Sunday, July 10, 2011

We're Not Being Told The Truth About Afghanistan

If you listen to the government pronouncements about Afghanistan, you might think we are winning there. President Obama has recently told us that things are going so well over there that he is planning to withdraw some troops this summer. And after a recent visit to Afghanistan, Secretary of Defense Panetta declared that we are close to defeating al-Queda.

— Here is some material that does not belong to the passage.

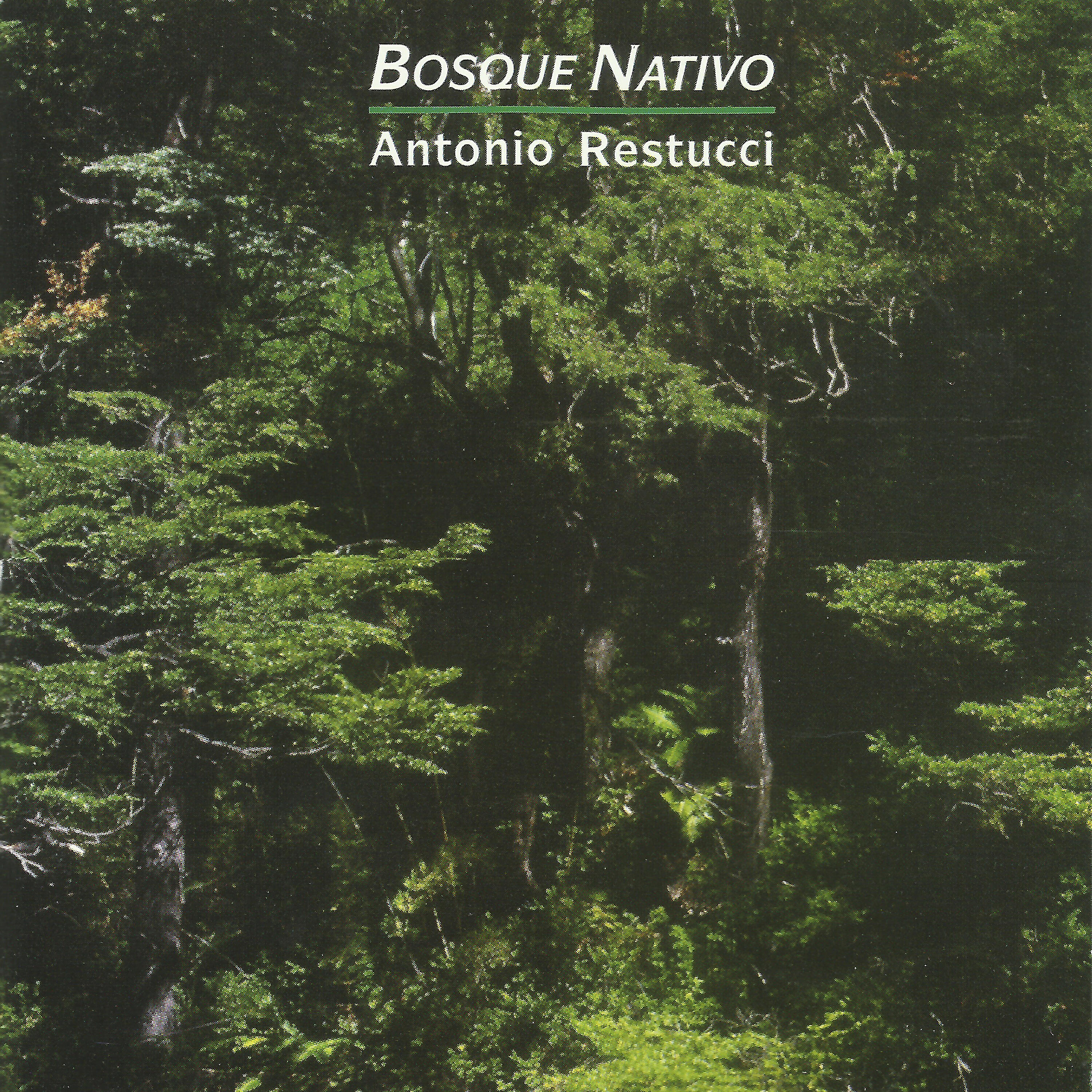 Релиз Bosque Nativo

What they are not talking about is the fact that the number of troops being withdrawn are just a tiny fraction of the troops stationed in that country, and the administration is planning to have troops in that country until the end of 2014 -- another three years (and no one can assure us even that will really be the end of our involvement there). And the international aid agencies working in Afghanistan paint a very different picture. They say that security in most of the nation's provinces has actually gotten worse in the last year.

But all we really have to do is look at the death totals of American soldiers. During this last week, the number of military deaths in the Afghan War reached 1,002 since President Obama took office. That's two-thirds of all the soldiers killed in the entire war, even though President Obama has been in office for only a quarter of the war. That sounds to me like things are getting worse in Afghanistan -- not better.

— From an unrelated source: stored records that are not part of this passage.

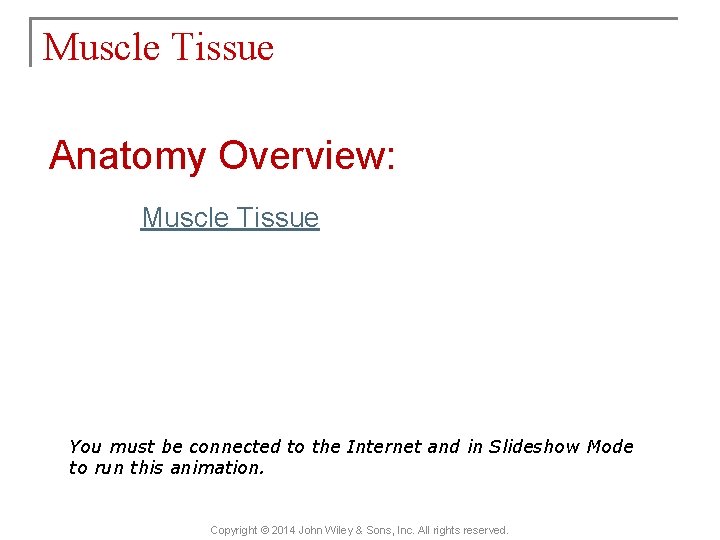 Muscle Tissue Anatomy Overview: Muscle Tissue You must be connected to the Internet and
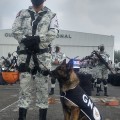 Binomios caninos listos para apoyar el caso de desastre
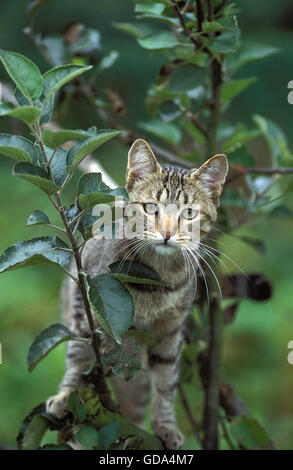 EUROPEAN BROWN TABBY chat domestique, des profils dans l'arbre Banque D'Images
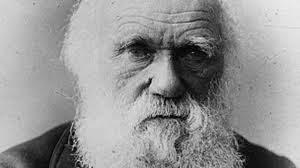 darwin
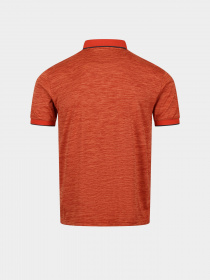 Поло Regatta Remex II модель RMT186-33L Помаранчевий Фото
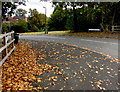SJ5441 : Dead leaves on a Whitchurch (Shropshire) corner by Jaggery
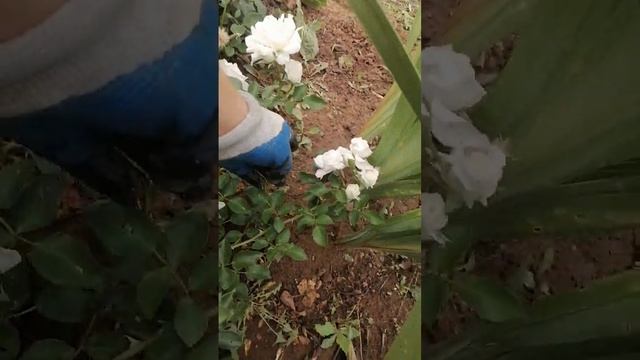 Почвопокровная роза. Белая. смотреть онлайн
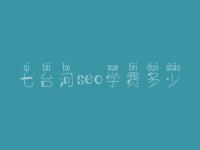 七台河seo学费多少_服务到底好不好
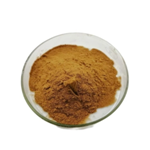 Maca Extract pictures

George Bush was trying to build an American-style democracy in Afghanistan. President Obama is just trying to save face there. Neither of those things is likely to happen. But we are still pouring more than $2 billion a week into the endless war there, and American soldiers are being killed at an increasing rate. Our involvement in Afghanistan no longer makes any sense at all, if it ever did to begin with.

Once again I say, it is past time to pull ALL of our soldiers out of Afghanistan -- now, not in 2014.